Ceux qui ont accédé au salut dans l’Ancien Testament étaient ceux qui ont mis leur confiance dans les mérites du sang de Jésus-Christ, et ils ont démontré leur foi en amenant un agneau et en l’immolant. Ils attendaient avec foi la mort expiatoire de Jésus. Nous regardons en arrière avec foi vers cette même mort et sommes sauvés exactement de la même manière. Soyez certains que toute l’armée des rachetés, pour l’éternité, chantera le même chant de délivrance, exaltant l’Agneau immolé depuis la fondation du monde.

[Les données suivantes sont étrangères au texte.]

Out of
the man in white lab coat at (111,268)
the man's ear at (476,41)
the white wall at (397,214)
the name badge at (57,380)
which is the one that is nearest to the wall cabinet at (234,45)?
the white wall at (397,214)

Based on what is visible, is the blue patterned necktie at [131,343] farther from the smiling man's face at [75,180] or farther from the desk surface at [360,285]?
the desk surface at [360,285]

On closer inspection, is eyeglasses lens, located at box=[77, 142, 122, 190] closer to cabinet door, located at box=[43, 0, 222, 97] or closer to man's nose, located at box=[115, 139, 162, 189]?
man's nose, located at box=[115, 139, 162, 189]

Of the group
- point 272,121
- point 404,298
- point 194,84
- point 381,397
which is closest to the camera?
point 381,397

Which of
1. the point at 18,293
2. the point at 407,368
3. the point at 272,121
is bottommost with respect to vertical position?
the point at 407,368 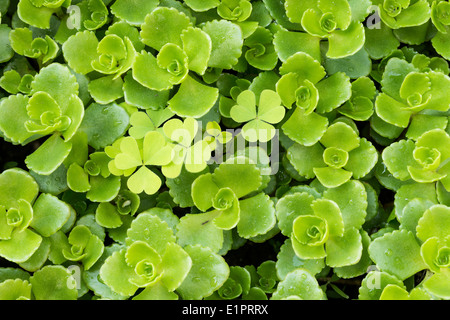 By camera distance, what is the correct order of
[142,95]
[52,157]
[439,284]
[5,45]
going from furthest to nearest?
[5,45], [142,95], [52,157], [439,284]

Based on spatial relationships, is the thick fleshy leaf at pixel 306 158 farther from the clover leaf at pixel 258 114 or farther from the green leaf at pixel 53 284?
the green leaf at pixel 53 284

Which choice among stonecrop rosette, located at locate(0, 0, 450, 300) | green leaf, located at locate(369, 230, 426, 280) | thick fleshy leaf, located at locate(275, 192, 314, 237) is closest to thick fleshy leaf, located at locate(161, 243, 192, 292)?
stonecrop rosette, located at locate(0, 0, 450, 300)

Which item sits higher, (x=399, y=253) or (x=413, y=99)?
(x=413, y=99)

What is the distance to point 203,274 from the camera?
1.17m

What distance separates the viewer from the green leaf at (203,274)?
1.16m

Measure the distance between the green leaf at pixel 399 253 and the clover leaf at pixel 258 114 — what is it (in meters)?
0.44

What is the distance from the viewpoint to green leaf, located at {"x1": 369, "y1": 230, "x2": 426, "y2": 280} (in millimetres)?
1173

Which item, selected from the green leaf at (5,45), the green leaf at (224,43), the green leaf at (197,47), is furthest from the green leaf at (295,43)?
the green leaf at (5,45)

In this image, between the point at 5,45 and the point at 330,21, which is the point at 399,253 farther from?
the point at 5,45

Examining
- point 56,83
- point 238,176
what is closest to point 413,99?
point 238,176

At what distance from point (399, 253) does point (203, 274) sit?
0.53 m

La « nouvelle » loi du Christ
Certains tentent de rejeter les Dix Commandements en se fondant sur les « nouveaux » commandements d’amour que le Christ a introduits. Il est certes vrai que Jésus a énoncé deux grandes lois d’amour comme résumé de toute la loi, mais a-t-il donné l’impression que celles-ci étaient nouvelles dans le temps ? Le fait est qu’il citait directement l’Ancien Testament lorsqu’il a donné ces nouveaux commandements. « Tu aimeras le Seigneur ton Dieu de tout ton cœur, de toute ton âme et de toute ta force » (Deutéronome 6:5). « Tu aimeras ton prochain comme toi-même » (Lévitique 19:18). Certes, ces principes spirituels profonds avaient été oubliés par les légalistes de l’époque du Christ, et ils étaient nouveaux pour eux en ce qui concerne leur vie et leur pratique. Mais Jésus n’avait pas l’intention qu’ils remplacent les Dix Commandements. Lorsque le légiste demanda à Jésus quel était le plus grand commandement de la loi, il reçut cette réponse : « Tu aimeras le Seigneur ton Dieu de tout ton cœur, de toute ton âme et de toute ta pensée. C’est là le premier et le plus grand commandement. Et voici le second, qui lui est semblable : Tu aimeras ton prochain comme toi-même. De ces deux commandements dépendent toute la loi et les prophètes » (Matthieu 22:37–40).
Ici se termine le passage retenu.